For the data that follows, print the line with "Male tailor stitching cloth on sewing machine View", the line with "Manakish Lebanese za'atar", and all lines between them, exactly as they stand. Omit pictures and add nothing.

▶ _Data provided_
· · · ·

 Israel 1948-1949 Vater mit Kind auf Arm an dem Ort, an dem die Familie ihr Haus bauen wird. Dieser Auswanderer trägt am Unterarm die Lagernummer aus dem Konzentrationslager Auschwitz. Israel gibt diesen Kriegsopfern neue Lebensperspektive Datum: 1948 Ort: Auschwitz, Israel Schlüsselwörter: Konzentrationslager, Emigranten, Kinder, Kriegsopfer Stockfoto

· · · ·

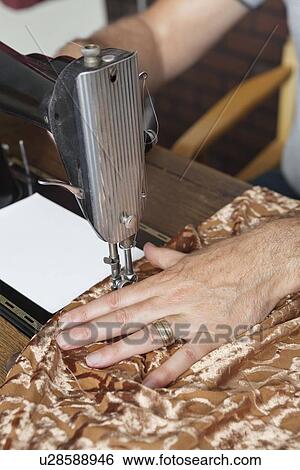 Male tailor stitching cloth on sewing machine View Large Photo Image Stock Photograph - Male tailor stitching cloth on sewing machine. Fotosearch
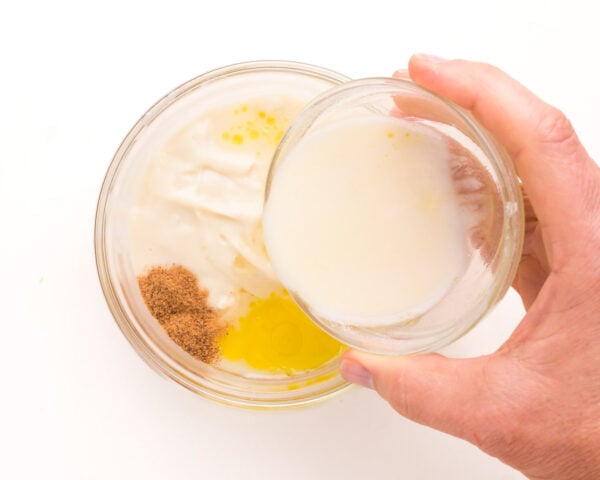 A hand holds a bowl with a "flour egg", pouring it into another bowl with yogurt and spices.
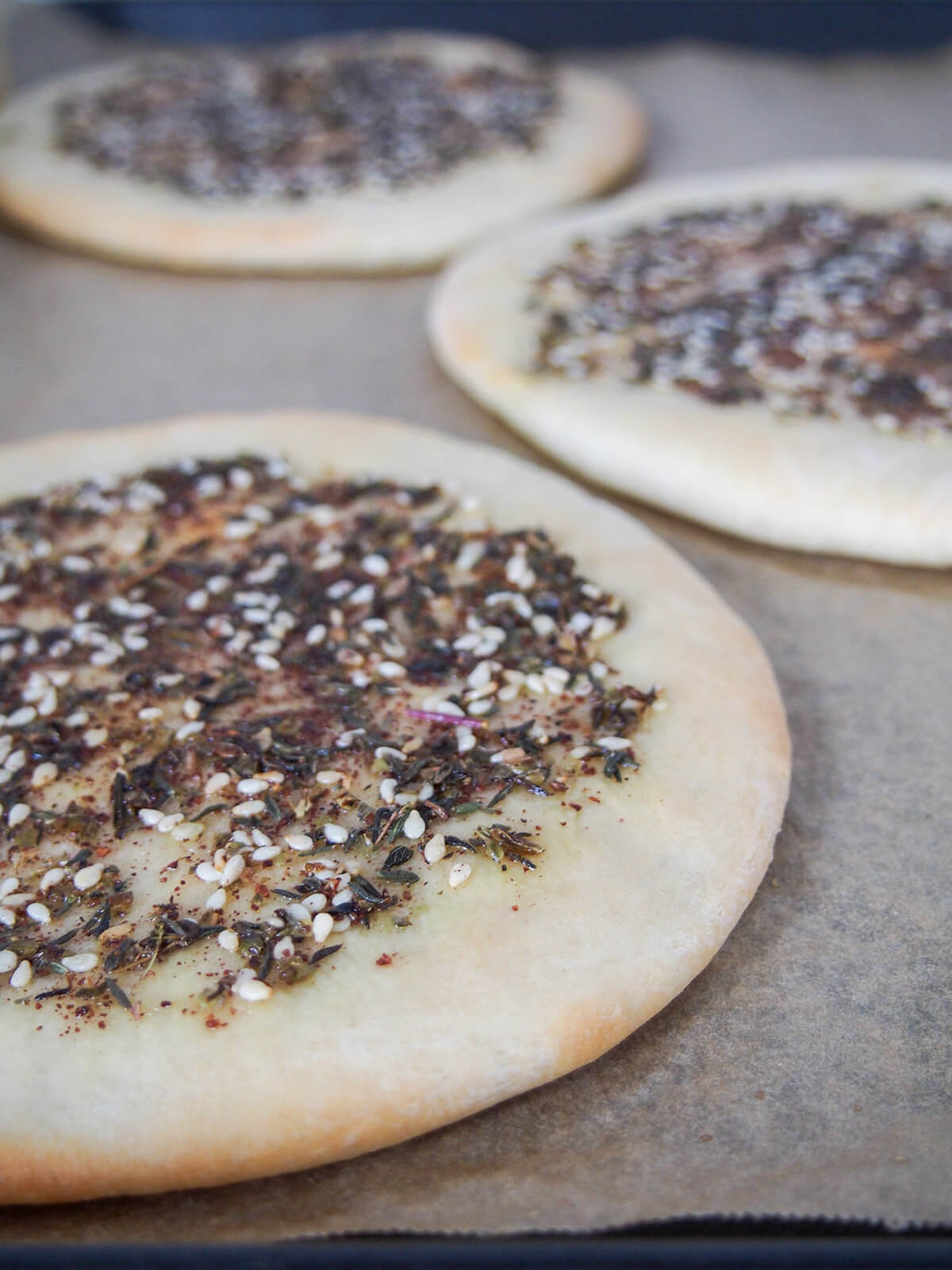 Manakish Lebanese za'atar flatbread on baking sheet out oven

· · · ·

▶ _Finished exercise_
 Male tailor stitching cloth on sewing machine View Large Photo Image Stock Photograph - Male tailor stitching cloth on sewing machine. Fotosearch
 A hand holds a bowl with a "flour egg", pouring it into another bowl with yogurt and spices.
 Manakish Lebanese za'atar flatbread on baking sheet out oven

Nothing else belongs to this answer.